Bazı inovatif toplum bilimcilere ve ileriyi sezip fikir yürüten bilim insanlarına kalırsa daha da sanallaşacak ve daha da yapay zekaya bağımlı hale geleceğiz. Örneğin yakın zamanda 2000 yıldır insanlığın “Marsta oksijen sorununu” aylar içinde, bir yapay zekalı robot kimyager çözdü. Bu neden mi önemli? Bir gün gezegenimiz dışında başka yerlere gitmemiz gerekirse bu en yakın ve bizimkine birazcık benzer konumda olan Mars’tan başlayacak deniyor. Tabi çok ince atmosfer, b8zim felaket olabilecek hava şartlarını, oksijen ihtiyacı gibi sorunları çözebilirsek. Rus bilgin Kardeşev’in ortaya attığı ‘kardeşev’ ölçeğine göre insanlığın belli seviyelere ulaşması belirli miktarlarda enerjiyi kontrol etme ve kullanabilme kapasitesine bağlı. Peki tüm bunların cep telefonuyla ne ilgisi var. Doğrudan bir ilgisi yok tabi ki. Ama insanları yapay zekaya aşina hale getirdiği de kesin.

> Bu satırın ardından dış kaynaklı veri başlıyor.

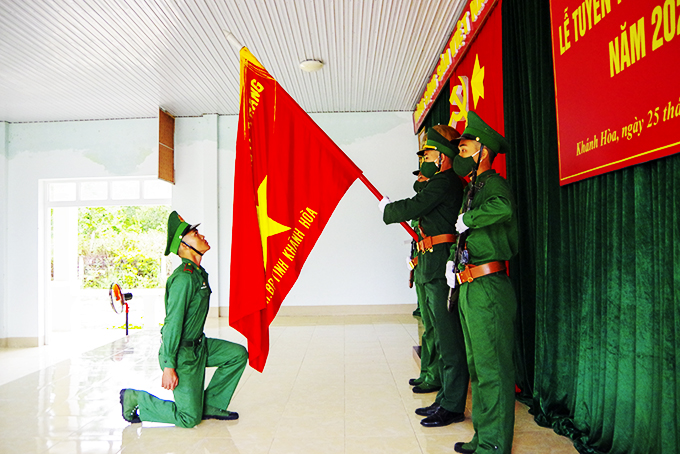 Bộ đội Biên phòng tỉnh: Tổ chức lễ tuyên thệ chiến sĩ mới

Bu gidişle enerjiyi, kuantumu, evreni yıldız fallarına ve büyüye indirgeyen ezoterik, mistik akımlardan daha fazla ortaya çıkacak gibi görünüyor. Çünkü insanlık sanallaştıkça, bilimsel buluşlar hayatımızı kolaylaştırsa bile mana arayışımız da ona keza çoğalacak. Hayatımıza yeni mana ve yeni anlatılar uydurma ihtiyacı duyacağız. Gerçeklik ve sanallık arttıkça dengeleme ihtiyacımız doğacak. Soyutlamak ve kurgulamak isteyeceğiz.
Burada sanat devreye girecek gibi... Sanat bize yeni çözüm yolları sunarken, dengeyi kurabilmemize, yaşamımıza anlam katarken haz ve mutluluk ihtiyacımıza cevap verecek tek şey.

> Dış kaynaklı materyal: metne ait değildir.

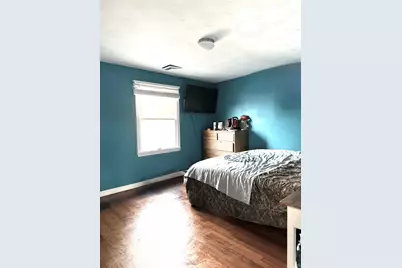 10 Seventh Avenue, Waterford, CT 06385 - Photo 11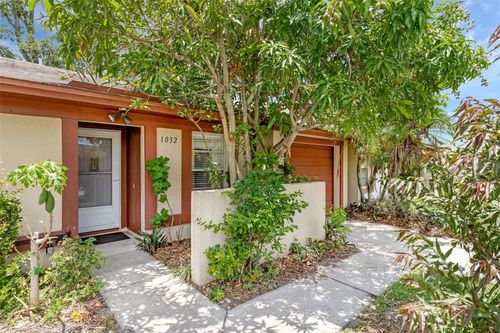 1032-1032 Calanda Ave, ORLANDO, FL, 32807-3090 | Card Image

19. YY. sanayi devriminde ortaya çıkan üretim fazlalığı ve boşa çıkan insanlık yeni kavramlarla tanışmıştı. filanörlük, bohemlik, aylaklık vs. Sanatın da atık müzelerde yüzüne bakılan bir obje değil de hayatın içine girmesi gereken bir olgu olarak algılanması gerekiyordu. Şu günlerde bize normalmiş gibi gelen pratik tasarımları o zaman ortaya çıkan Bauhaus ekolü sanatçıları tasarlamışlardır. Bildiğimiz ünlü ev eşyaları yapı marketinin adı 19. Yy. Da yeni tasarım ve sanat ekolünün adıydı. Peki şimdi ne olacak toplumdan daha da uzaklaşıp bir ucube haline gelen yapıt, gösteri, enstalasyon ve kurgularla bunun olamayacağı kesin. Daha gerçekçi, insana fikren ve duygu olarak katkılar ve sıçramalar sunarken estetik haz yaşatacak bir kurgu lazım. Sanatın var oluşu tamda buyken bizi yabancılaştıran sanal aleme bütünüyle ram olması kanımca bir çelişki. Peki benim gibi düşünen sanatçılar ne mi yapacak? Bakalım... bekleyip göreceğiz.